[Short text fragments from websites]
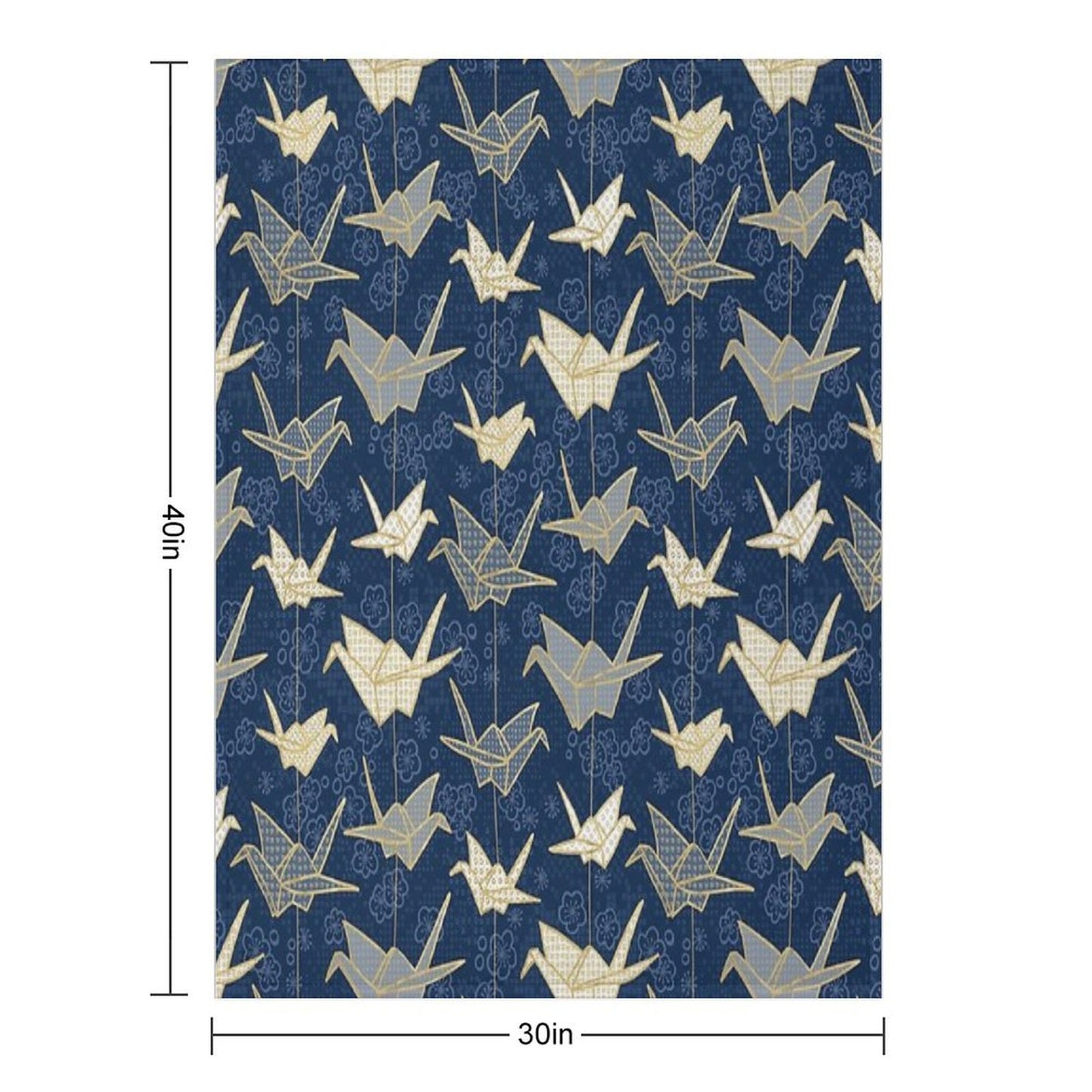 Sadako's Good Luck Cranes Throw Blanket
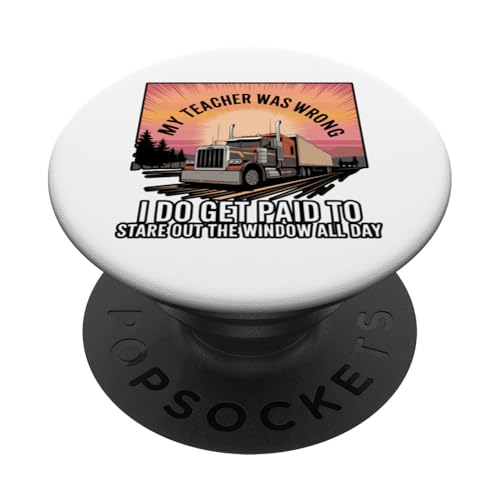 Langstrecken-LKW-Fahrer Fahrzeug LKW Fahren Trucker PopSockets Klebender PopGrip von Long Haul Truck Driver Trucker Truck Driving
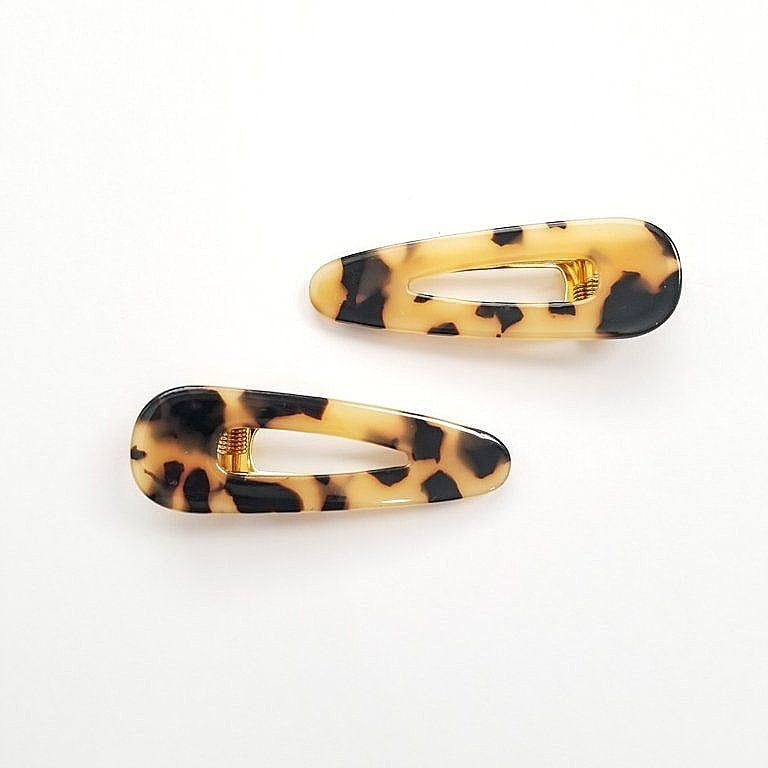 Tortoise Shell Hair Clip Set - Adassa Rose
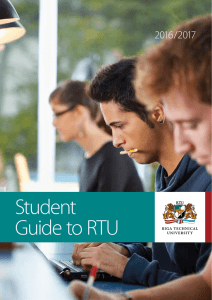 Student Guide to RTU - RTU Foreign Students Department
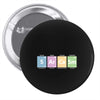 Sarcasm Elements Pin-back button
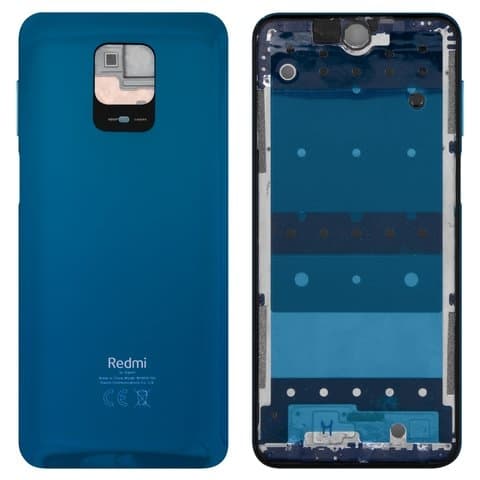 Корпус Xiaomi Redmi Note 9S, синий, Aurora Blue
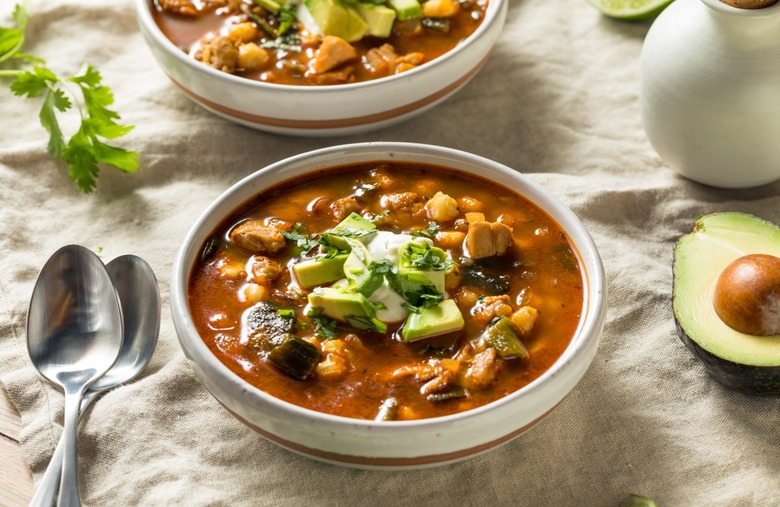 Chicken-Chile Pozole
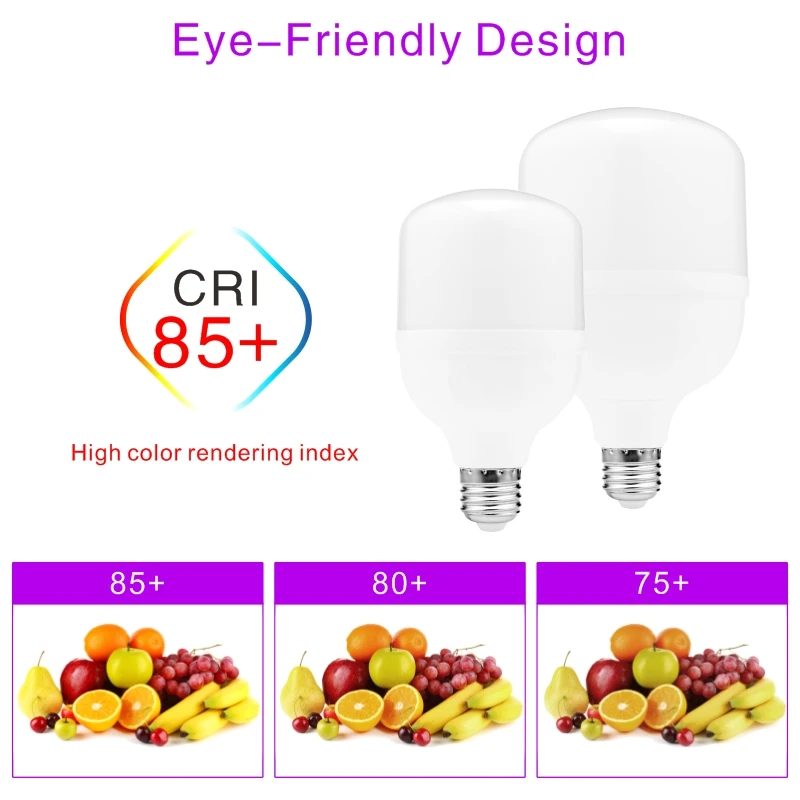 Lampada LED Bulb E27 60W 50W 40W 30W 20W 15W 10W 5W LED Light 220V No Flicker LED Lamp Bombilla Spotlight Lighting Ampoule Blub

• Task directions
Copy the records shown above in their entirety and exactly; images are to be left out.

• Response to this task
 Sadako's Good Luck Cranes Throw Blanket
 Langstrecken-LKW-Fahrer Fahrzeug LKW Fahren Trucker PopSockets Klebender PopGrip von Long Haul Truck Driver Trucker Truck Driving
 Tortoise Shell Hair Clip Set - Adassa Rose
 Student Guide to RTU - RTU Foreign Students Department
 Sarcasm Elements Pin-back button
 Корпус Xiaomi Redmi Note 9S, синий, Aurora Blue
 Chicken-Chile Pozole
 Lampada LED Bulb E27 60W 50W 40W 30W 20W 15W 10W 5W LED Light 220V No Flicker LED Lamp Bombilla Spotlight Lighting Ampoule Blub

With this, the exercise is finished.